On Tue, 13 Aug 2019 13:19:14 -0700
Sean Christopherson <sean.j.christopherson@xxxxxxxxx> wrote:

> On Tue, Aug 13, 2019 at 01:33:16PM -0600, Alex Williamson wrote:
> > On Tue, 13 Aug 2019 11:57:37 -0600
> > Alex Williamson <alex.williamson@xxxxxxxxxx> wrote:  
> 
> > Could it be something with the gfn test:
> > 
> >                         if (sp->gfn != gfn)
> >                                 continue;
> > 
> > If I remove it, I can't trigger the misbehavior.  If I log it, I only
> > get hits on VM boot/reboot and some of the gfns look suspiciously like
> > they could be the assigned GPU BARs and maybe MSI mappings:
> > 
> >                (sp->gfn) != (gfn)  
> 
> Hits at boot/reboot makes sense, memslots get zapped when userspace
> removes a memory region/slot, e.g. remaps BARs and whatnot.
> 
> ...
>  
> > Is this gfn optimization correct?  Overzealous?  Doesn't account
> > correctly for something about MMIO mappings?  Thanks,  
> 
> Yes?  Shadow pages are stored in a hash table, for_each_valid_sp() walks
> all entries for a given gfn.  The sp->gfn check is there to skip entries
> that hashed to the same list but for a completely different gfn.
> 
> Skipping the gfn check would be sort of a lightweight zap all in the
> sense that it would zap shadow pages that happend to collide with the
> target memslot/gfn but are otherwise unrelated.
> 
> What happens if you give just the GPU BAR at 0x80000000 a pass, i.e.:
> 
> 	if (sp->gfn != gfn && sp->gfn != 0x80000)
> 		continue;
> 
> If that doesn't work, it might be worth trying other gfns to see if you
> can pinpoint which sp is being zapped as collateral damage.
> 
> It's possible there is a pre-existing bug somewhere else that was being
> hidden because KVM was effectively zapping all SPTEs during (re)boot,
> and the hash collision is also hiding the bug by zapping the stale entry.
> 
> Of course it's also possible this code is wrong, :-)

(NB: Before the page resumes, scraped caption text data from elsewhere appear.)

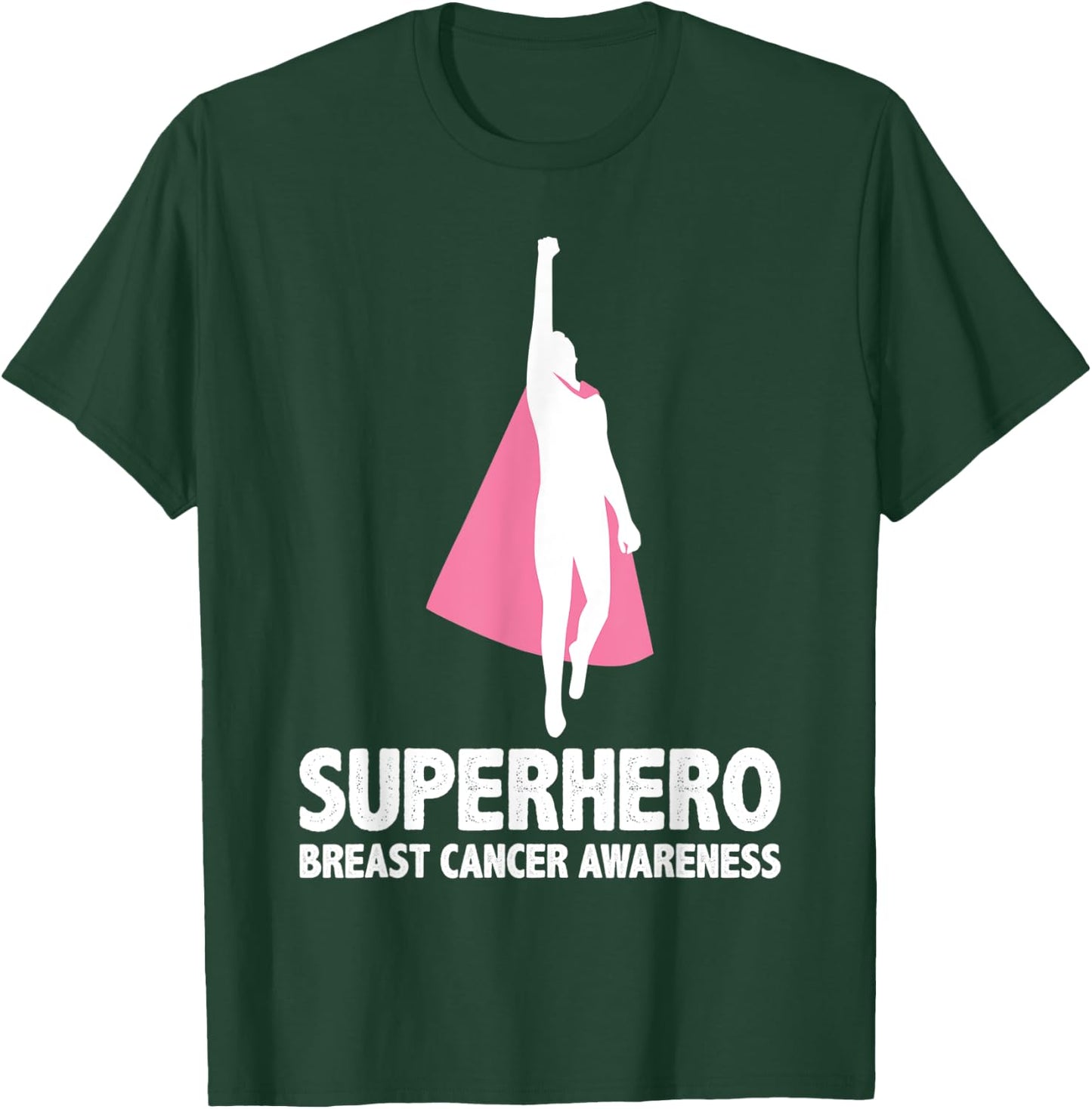 Superhero Men - Breast Cancer Awareness T-Shirt - T-Shirt | Forest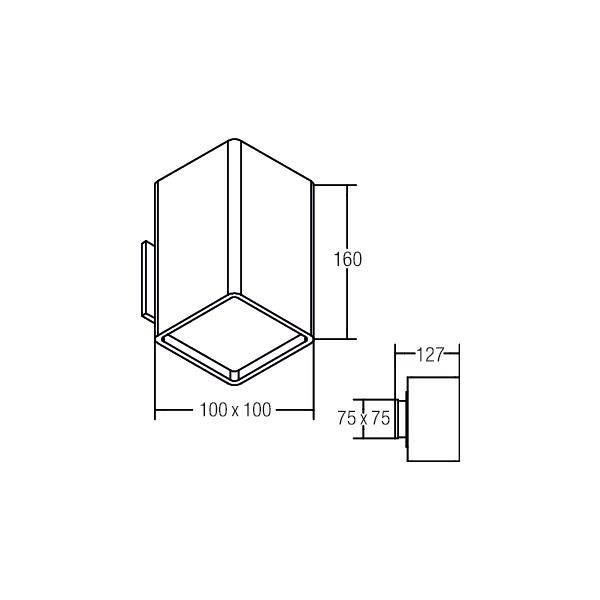 Technische Zeichnung eines würfelförmigen Objekts mit den Maßen 100 x 100 x 160 mm. Seitliche Ansicht zeigt 127 mm. Rückseite 75 x 75 mm.
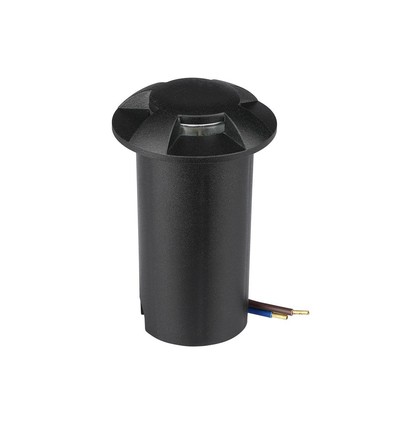1W LED Nedgravningsspot - Lys 3000K, Sort.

Ok, fun day of trying to figure out which ranges are relevant, I've
narrowed it down to all of these:

0xffe00
0xfee00
0xfec00
0xc1000
0x80a000
0x800000
0x100000

ie. I can effective only say that sp->gfn values of 0x0, 0x40000, and
0x80000 can take the continue branch without seeing bad behavior in the
VM.

The assigned GPU has BARs at GPAs:

0xc0000000-0xc0ffffff
0x800000000-0x808000000
0x808000000-0x809ffffff

And the assigned companion audio function is at GPA:

0xc1080000-0xc1083fff

Only one of those seems to align very well with a gfn base involved
here.  The virtio ethernet has an mmio range at GPA 0x80a000000,
otherwise I don't find any other I/O devices coincident with the gfns
above.

I'm running the VM with 2MB hugepages, but I believe the issue still
occurs with standard pages.  When run with standard pages I see more
hits to gfn values 0, 0x40000, 0x80000, but the same number of hits to
the set above that cannot take the continue branch.  I don't know if
that means anything.

Any further ideas what to look for?  Thanks,

Alex

PS - I see the posted workaround patch, I'll test that in the interim.